The procedures and regulations followed in the instant case were fatally deficient. Notwithstanding Drayton's request to have Ms. Resnik function as counsel and his claim that he had not used amphetamines, the examiners refused to allow such representation or permit appellee to call any witnesses in his defense, even though it appears that some of them would not in any way have adversely affected institutional safety. Although the examiners provided a written statement of the evidence relied on and the reason for rescinding parole, the substance of the statement reveals that the examiners made no attempt to determine the facts; the “Hearing Summary,” in fact, refused “to look behind,” see note 8 supra, the IDC findings. We therefore reverse the judgment and remand the case for a further conditional grant of parole in the absence of a parole rescission hearing conducted under the rules above prescribed within thirty days after the district court’s order thereon.
Judgment in accordance with opinion; no costs.
. The Commission’s notice of action stated: “Reasons: On October 28, 1977, the institutional discipline committee forfeited twenty-five days statutory good time for possession . or use of . narcotics . . .”
. 28 C.F.R. § 2.28 provides in part:
§ 2.28 Reopening of cases.
Notwithstanding the appeal procedure of § 2.25 and § 2.26, the appropriate Regional Commissioner may, on his own motion, reopen a case at any time upon the receipt of new information of substantial significance and may then take any action authorized under the provisions and procedures of § 2.25. . . .
. 28 C.F.R. § 2.34 provides in part:
(a) When an effective date of parole or mandatory parole has been set by the Commission, release'on that date shall be conditioned upon continued good conduct by the prisoner. If a prisoner has been granted parole and has subsequently been charged with institutional misconduct sufficient to become a matter of record, the Regional Commissioner shall be advised promptly of such misconduct. The prisoner shall not be released until the institution has been notified that no change has been made in the Commissioner’s order to parole.
(1) Upon receipt of information that a prisoner has violated the rules of the institution, the Regional Commissioner may retard the parole grant for up to sixty days without a hearing or may retard the parole grant and schedule the case for a rescission hearing. If the prisoner was confined in a Federal prison at the time of the order retarding parole, the rescission hearing shall be scheduled for the next docket of parole hearings at the institution. . . . When the prisoner is given written notice of the Commission action retarding parole, he shall be given notice of the charges of misconduct to be considered at the rescission hearing. The purpose of the rescission hearing shall be to determine whether rescission of the parole grant is warranted. At the rescission hearing the prisoner may be represented by a person of his choice and many present documentary evidence.
(2) An institution discipline committee hearing conducted by the institution resulting in a finding that the prisoner has violated the rules of his confinement, may be relied upon by Commission as conclusive evidence of institutional misconduct.

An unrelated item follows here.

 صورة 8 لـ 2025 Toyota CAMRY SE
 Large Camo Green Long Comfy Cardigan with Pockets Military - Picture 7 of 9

(3) If the parole grant is rescinded, the prisoner shall be furnished a written statement of the findings of misconduct and the evidence relied upon.
. Judge Daly correctly summarized the procedures as follows:
Under these regulations, the inmate must be given notice of the charges of misconduct to be discussed at the hearing, and, if the parole is rescinded, a written statement of the findings of misconduct and the evidence relied upon by the Commission. He is allowed to present only documentary evidence, and may be represented by a person of his choice. 28 C.F.R. § 2.34(a)(1). The representative’s participation, however, is restricted to a short statement at the conclusion of the interview conducted] by the hearing panel and to the provision of further information requested by the panel. 28 C.F.R. § 2.13 (1977). The parole grantee is not allowed to seek the advice of counsel during the hearing. Furthermore, confrontation and cross-examination is not permitted.
Drayton v. McCall, 445 F.Supp. 305, 307 (D.Conn.1978) (memorandum of decision).
. Pertinent statements include:
Mr. Kruger: All right, let me advise you, Miss Resnik, that today you are here as a representative in this case. The representative’s role is pretty much limited to offering a statement near the end of the interview. I would ask that whatever statement you have to make that you would hold it until that time.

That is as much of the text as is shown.